» WORK ITEM: Print every line below exactly. Skip the pictures.

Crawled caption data
____________
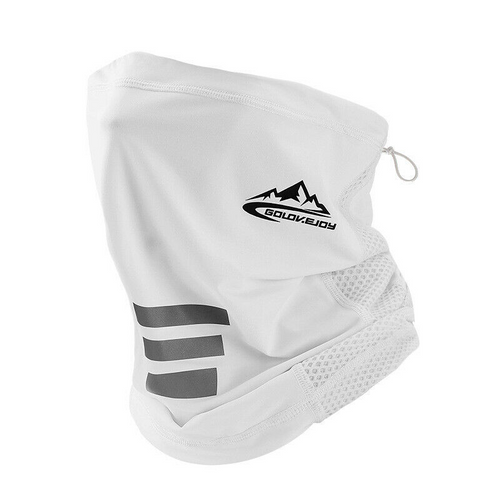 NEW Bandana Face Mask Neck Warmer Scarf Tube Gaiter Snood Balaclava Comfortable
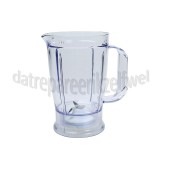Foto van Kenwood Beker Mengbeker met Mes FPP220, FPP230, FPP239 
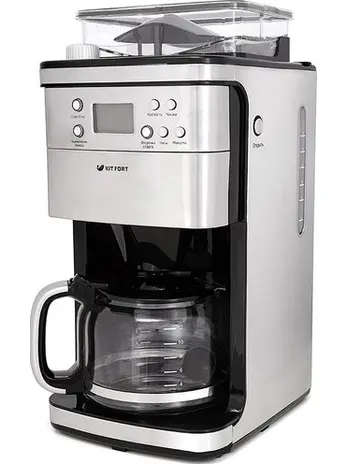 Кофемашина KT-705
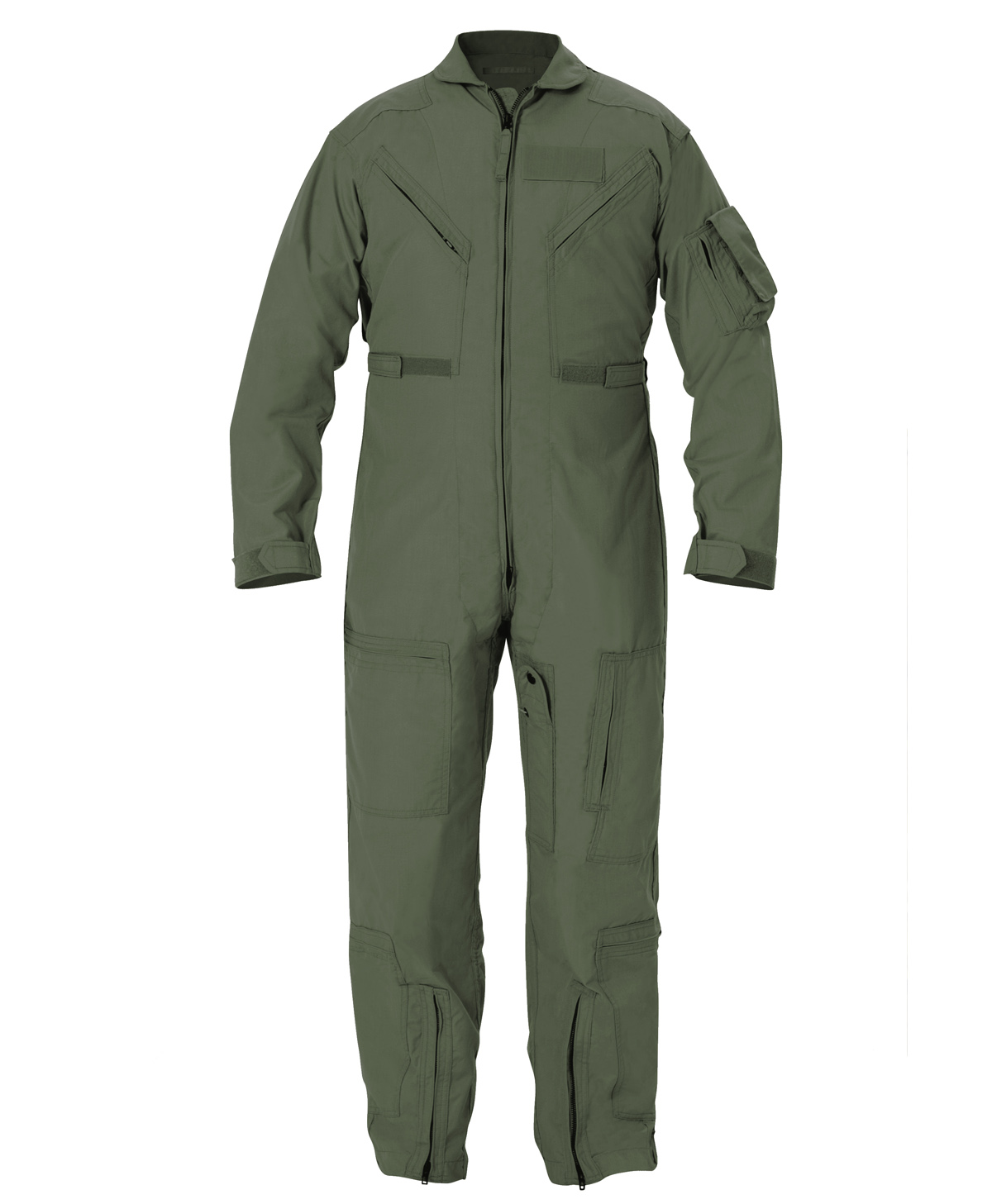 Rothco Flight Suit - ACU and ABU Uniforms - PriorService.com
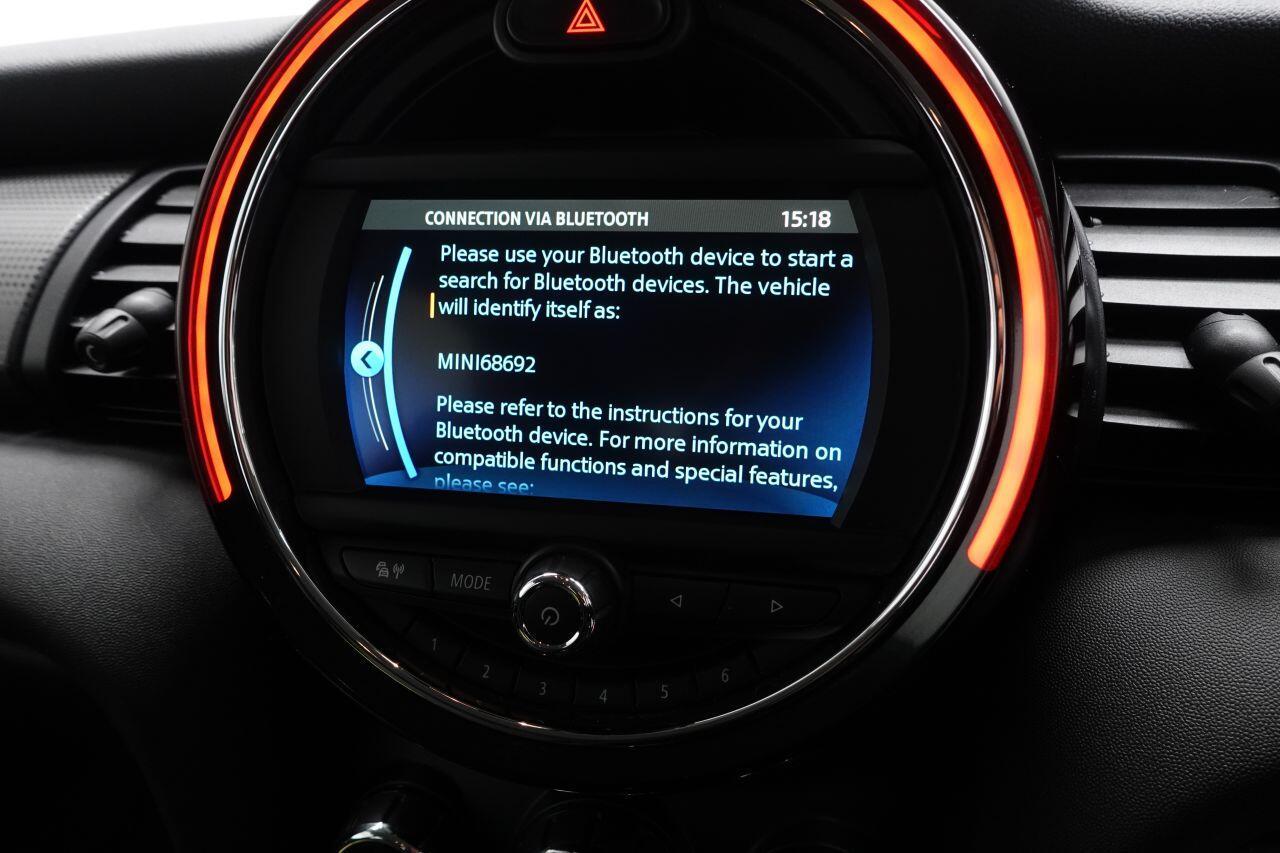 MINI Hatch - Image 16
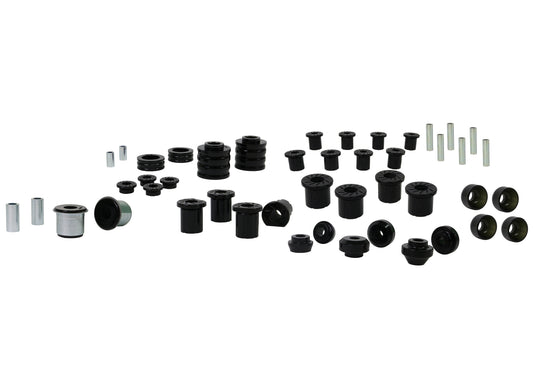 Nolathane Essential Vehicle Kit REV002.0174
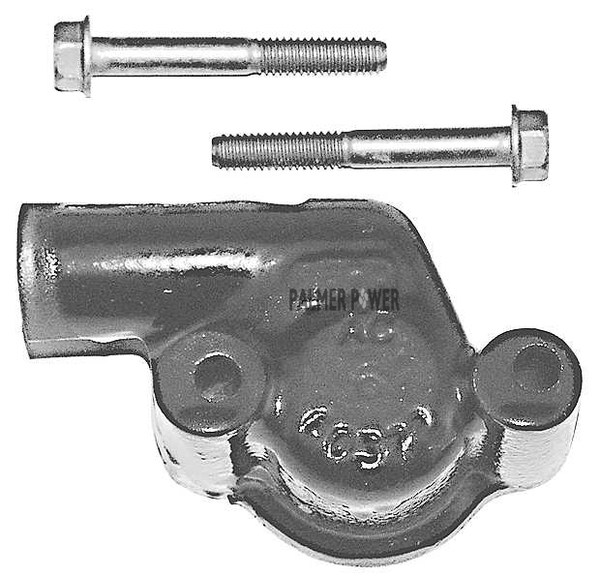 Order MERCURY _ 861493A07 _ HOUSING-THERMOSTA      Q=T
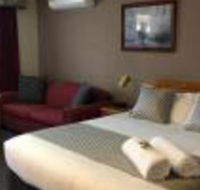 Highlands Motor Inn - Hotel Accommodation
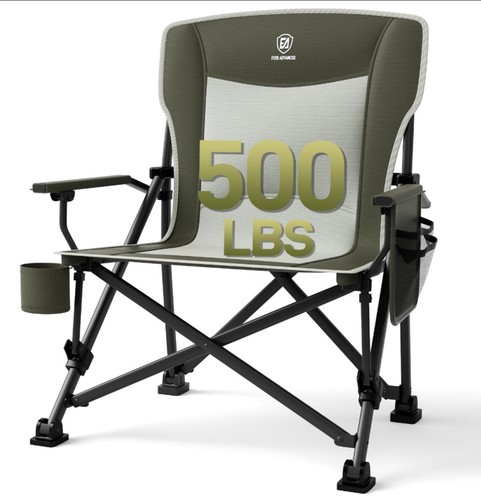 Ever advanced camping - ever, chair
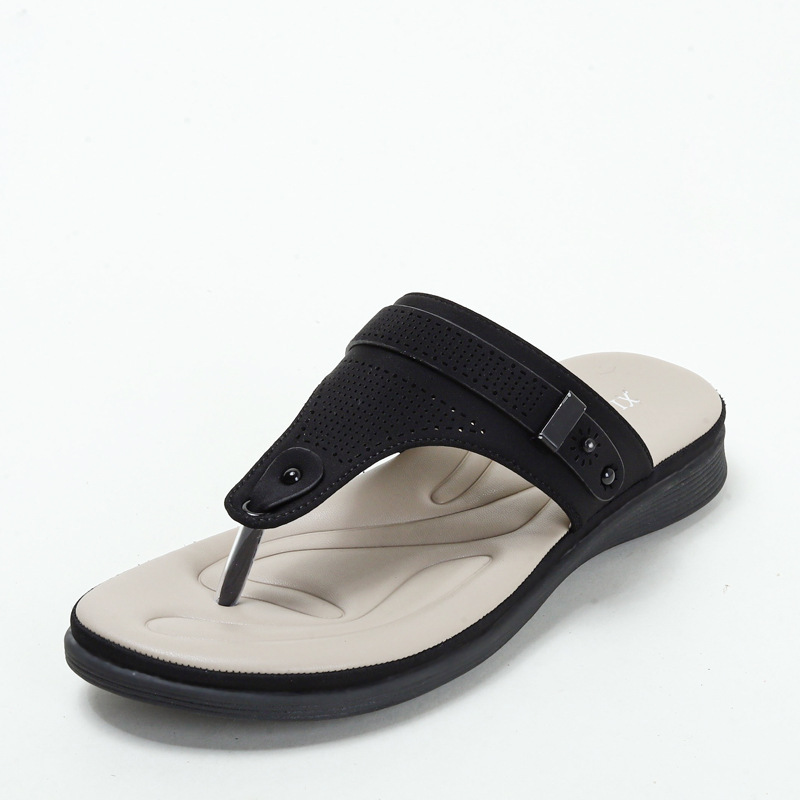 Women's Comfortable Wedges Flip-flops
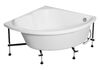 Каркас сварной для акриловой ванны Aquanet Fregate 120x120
____________
» THE ANSWER:
 NEW Bandana Face Mask Neck Warmer Scarf Tube Gaiter Snood Balaclava Comfortable
Foto van Kenwood Beker Mengbeker met Mes FPP220, FPP230, FPP239 
 Кофемашина KT-705
 Rothco Flight Suit - ACU and ABU Uniforms - PriorService.com
 MINI Hatch - Image 16
 Nolathane Essential Vehicle Kit REV002.0174
 Order MERCURY _ 861493A07 _ HOUSING-THERMOSTA      Q=T
 Highlands Motor Inn - Hotel Accommodation
 Ever advanced camping - ever, chair
 Women's Comfortable Wedges Flip-flops
 Каркас сварной для акриловой ванны Aquanet Fregate 120x120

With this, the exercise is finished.